### Problem to solve
Retype the listing below exactly, pictures removed.

......

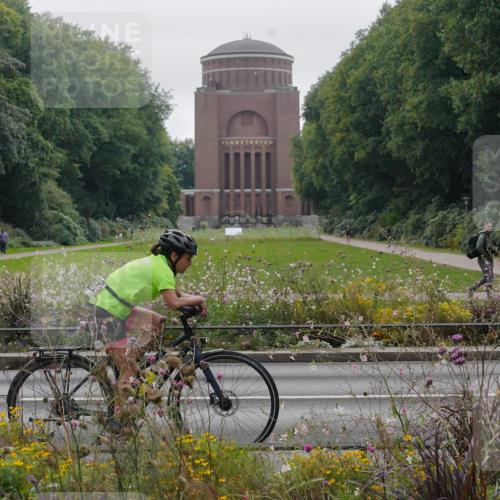 14.09.2025 - Stadtparktriathlon Michael Burmester http://msf.ph/oto/8903241 14.09.2025 10:20:09 Radfahren 539, 592, 611, 632, 661, 677, 687 meine-sportfotos.de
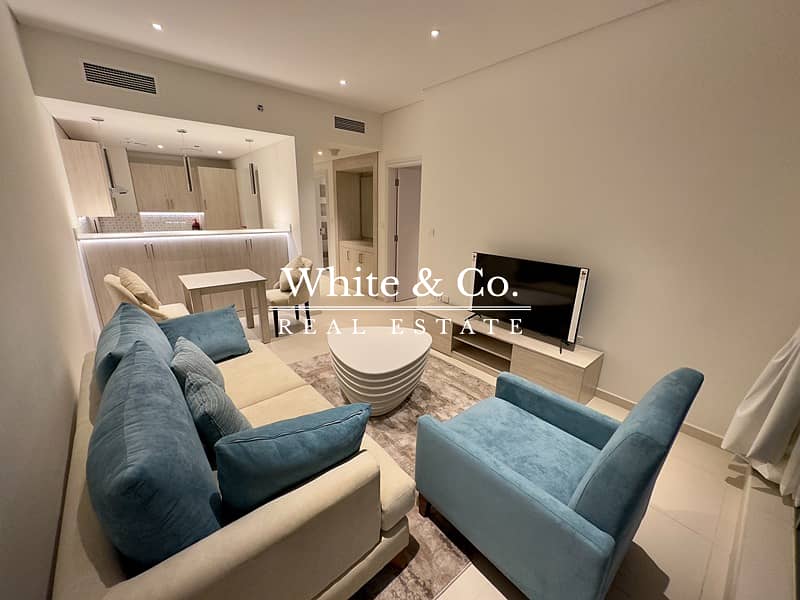 Vacant | Fully Furnished | Beach Access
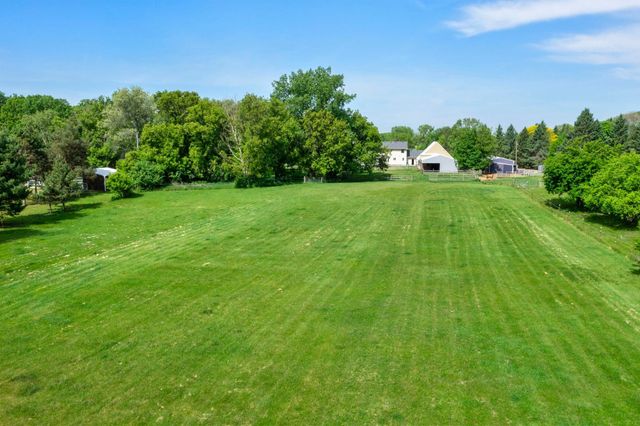2733 Neal Avenue N, Stillwater, MN 55082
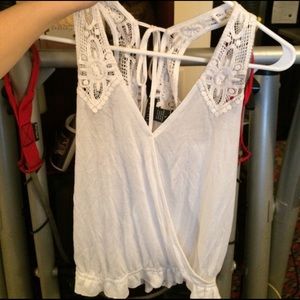 White knitted cross top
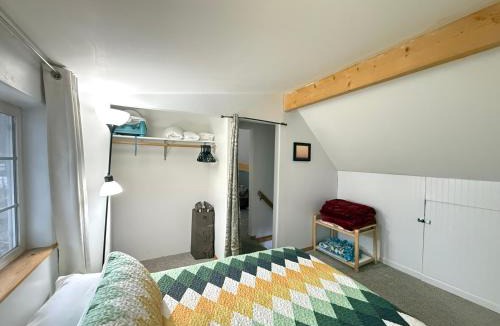 Talkeetna House | Talkeetna Log Cabin with Hot Tub Unit 2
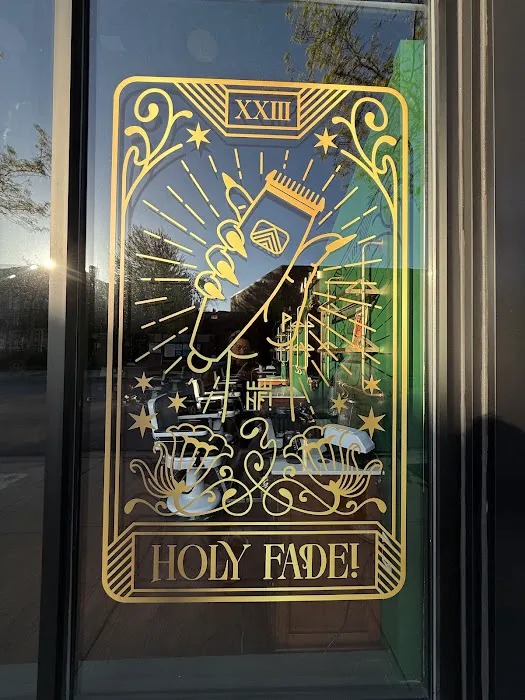 HOLY FADE! Hair Parlor Picture 6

......

### Response to this exercise
 14.09.2025 - Stadtparktriathlon Michael Burmester http://msf.ph/oto/8903241 14.09.2025 10:20:09 Radfahren 539, 592, 611, 632, 661, 677, 687 meine-sportfotos.de
 Vacant | Fully Furnished | Beach Access
2733 Neal Avenue N, Stillwater, MN 55082
 White knitted cross top
 Talkeetna House | Talkeetna Log Cabin with Hot Tub Unit 2
 HOLY FADE! Hair Parlor Picture 6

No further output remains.